Menuliskan pembacaan atas Kepulangan Kelima untuk bahan perbincangan kita malam ini, memberi kesempatan lebih pada cara persetubuhan yang natural itu. Ritus penelanjangan berlangsung lekas, atau bisa jadi ada lembaran-lembaran pakaian yang belum lepas, ada bagian-bagian tubuh yang belum dijamah sungguh-sungguh, ada konsekuensi kultural yang mesti ditanggung tetapi tak sempat masuk hitungan. Sementara birahi telah lebih dulu meledak. Meski begitu, proses persetubuhan kami beralaskan kerelaan, bukan pemaksaan seperti yang sering kita alami dalam institusi pendidikan formal: Persetubuhan adalah pemerkosaan. Entah, siapa yang diperkosa, teks atau pembaca.
Terkadang, ritus pembacaan teks membutuhkan waktu yang tak sebentar. Semisal, untuk merasakan grafitasi puitik sebaris /Mati kau dikoyak-koyak sepi/ milik Chairil Anwar bisa jadi membutuhkan durasi hingga berbulan-bulan. Akan tetapi, ada pula yang hanya melewati beberapa detik untuk memasuki ruang bergrafitasi puitik dari kata-kata Si Binatang Jalang yang bertahuan-tahun telah dikandangkan dalam kurikulum pendidikan formal sejak sekolah dasar itu. Mungkin, pemahaman atas wacana-wacana sastra yang berpengaruh besar atas terbentuknya batas-batas kemampuan seseorang mengalami grafitasi puitik itu. Meski jelas, hal itu tak sepenuhnya benar.
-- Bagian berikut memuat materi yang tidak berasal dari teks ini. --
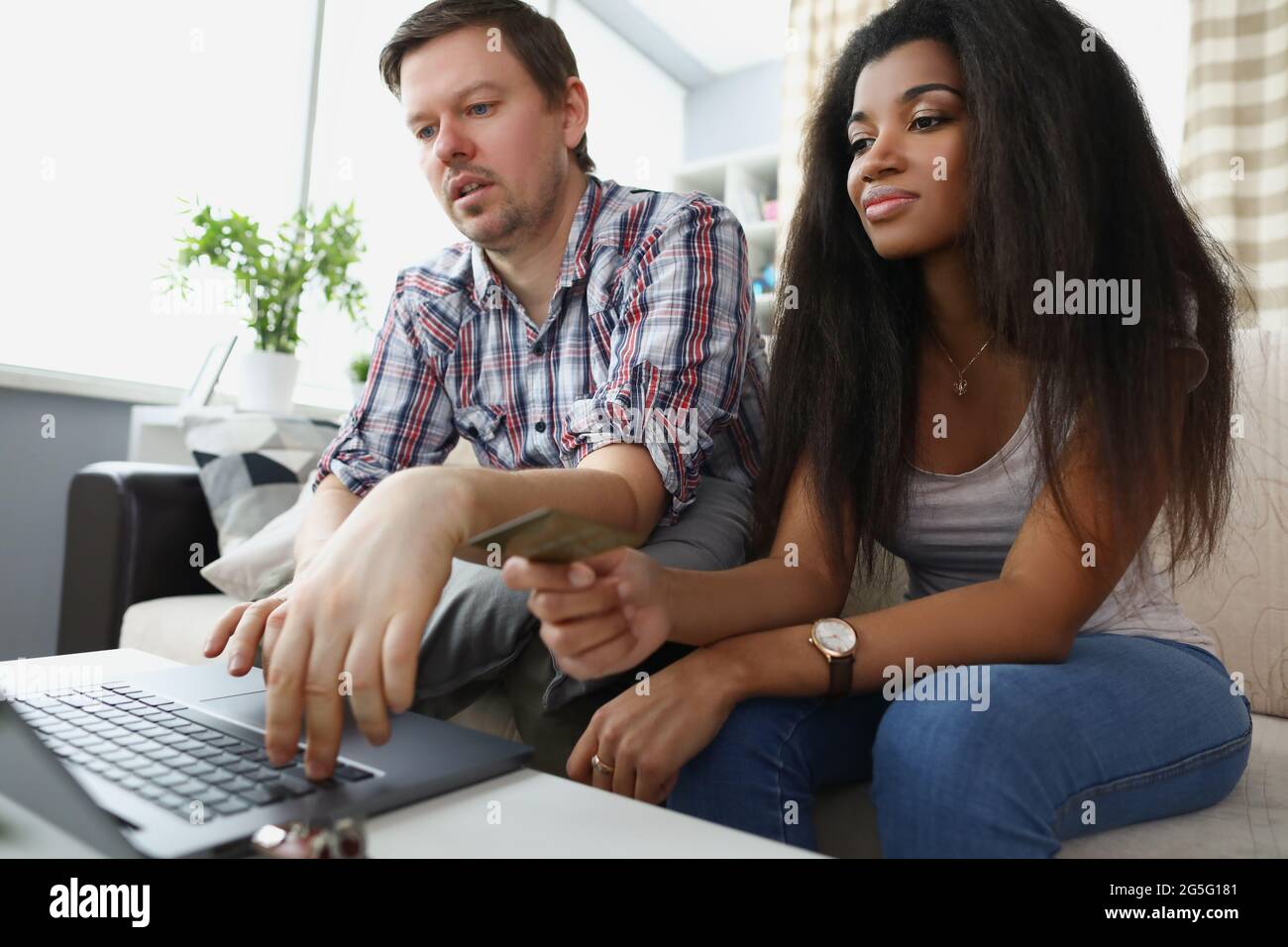 Caucasian man and african american woman sitting behind laptop screen ...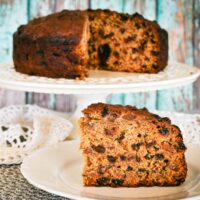 pineapple fruit cake slice on plabackground.te with whole cake on stand in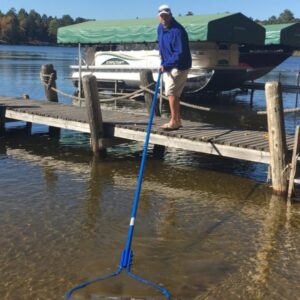Individual using rake at lakeside dock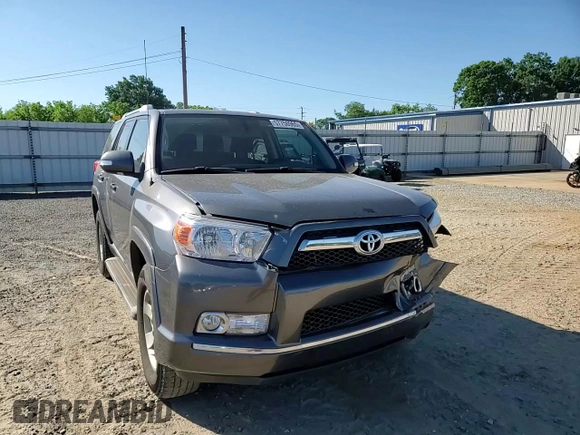 2011 Toyota 4Runner Trail z VIN JTEBU5JR6B5039779, wystawiony jako Copart lot #57750965 z przebiegiem 199 116 mil mil oraz Szkoda całkowita • Salvage title. Historia ofert i sprzedaży dostępna na DreamBid. Obrazek 14.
Pada suatu malam, saat angin kemarau mengeras dalam pori kulit, warung kopi langganan tengah didatangi bos-bos Philip Morris berambut pirang yang blepotan berbicara dalam bahasa Indonesia. Semua bungkus rokok ditukar dengan produk dari Philip Morris. Sebungkus Gudang Garam Surya milik teman yang masih tersisa tiga batang di dalamnya mereka ambil, lalu seorang lelaki berkulit seperti bayi babi menginjaknya sambil berkata: “This is not good!”. Tiba-tiba ada jantung yang berdenyut dengan cara berbeda. Ada kepala yang menyusun kata: “Inikah puisi? Apakah telah terjadi gempa puisi? Atau jangan-jangan, ruangan ini tengah bergrafitasi puitik?”